Record set Start Marker

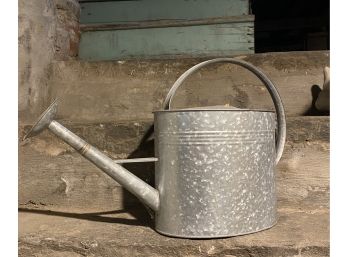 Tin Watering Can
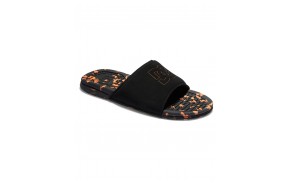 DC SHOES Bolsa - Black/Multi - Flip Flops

Record set End Marker
Record set Start Marker

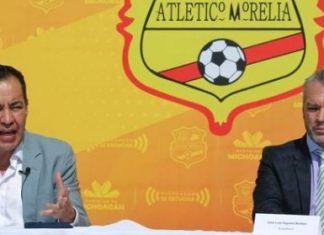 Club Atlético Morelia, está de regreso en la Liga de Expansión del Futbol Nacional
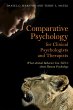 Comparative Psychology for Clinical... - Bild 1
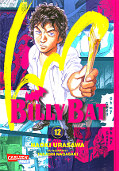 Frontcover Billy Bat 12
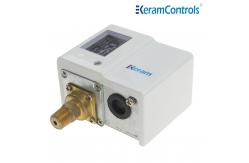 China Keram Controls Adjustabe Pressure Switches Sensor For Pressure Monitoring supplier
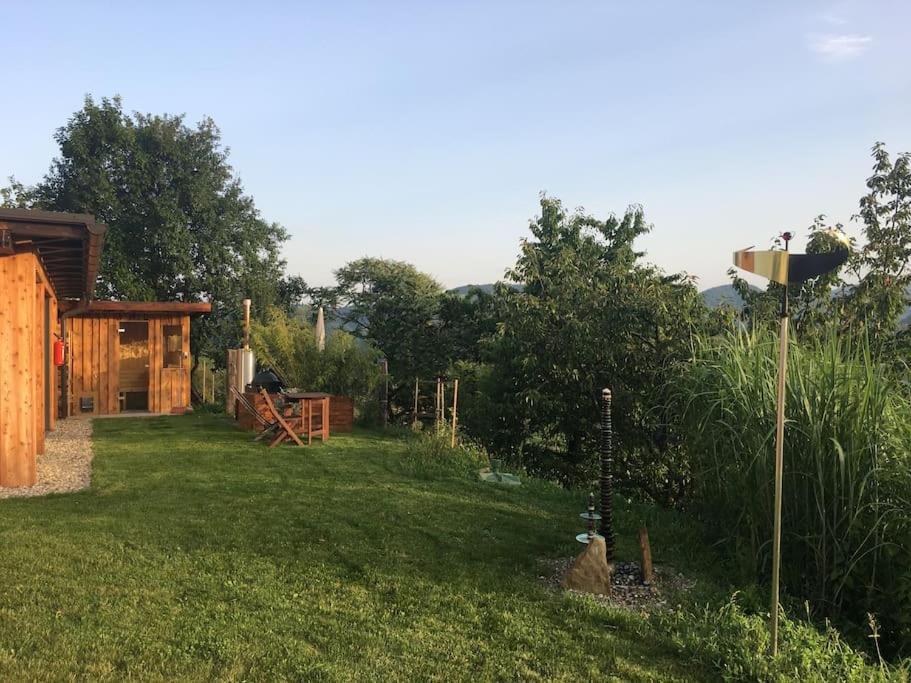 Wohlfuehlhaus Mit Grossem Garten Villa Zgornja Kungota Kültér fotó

Record set End Marker
Record set Start Marker

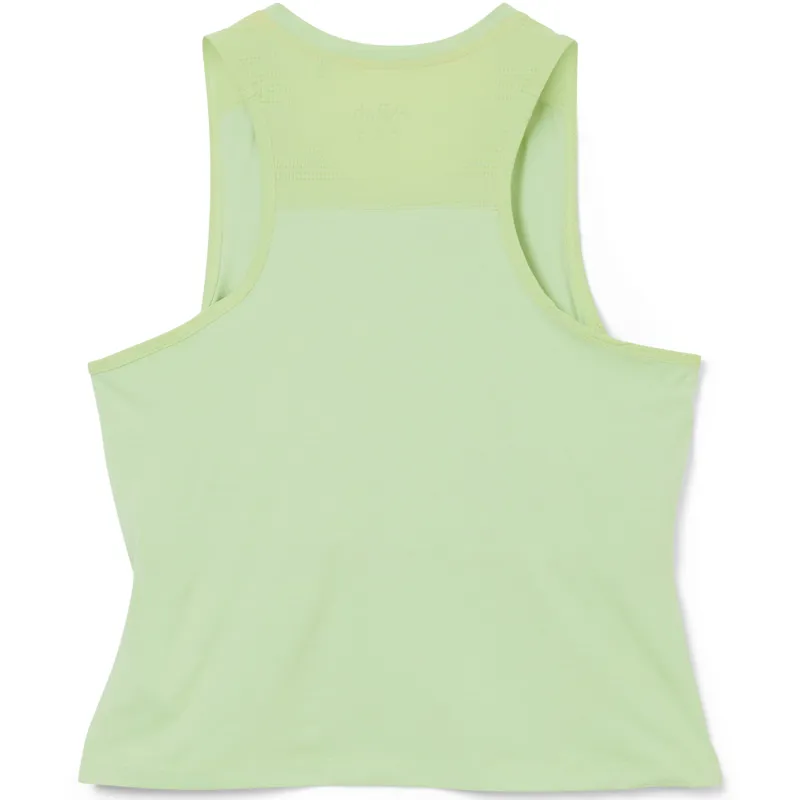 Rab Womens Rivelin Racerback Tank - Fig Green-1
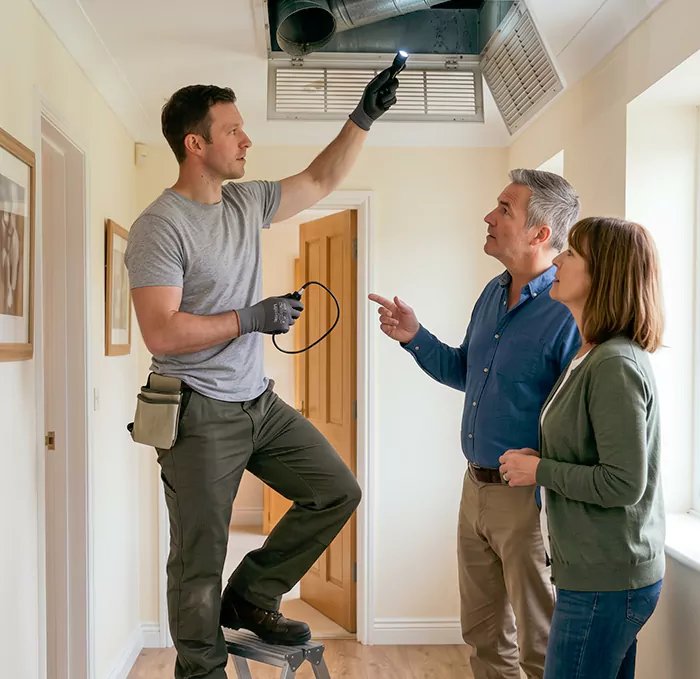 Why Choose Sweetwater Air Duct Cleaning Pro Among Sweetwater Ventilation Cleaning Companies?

Record set End Marker

▸ **What this task involves**
Using the entries above, extract exactly the lines from the one that contains "Tin Watering Can" through the one that contains "DC SHOES Bolsa - Black/Multi - Flip Flops". Do not carry over any pictures.

▸ **Exercise result**
 Tin Watering Can
 DC SHOES Bolsa - Black/Multi - Flip Flops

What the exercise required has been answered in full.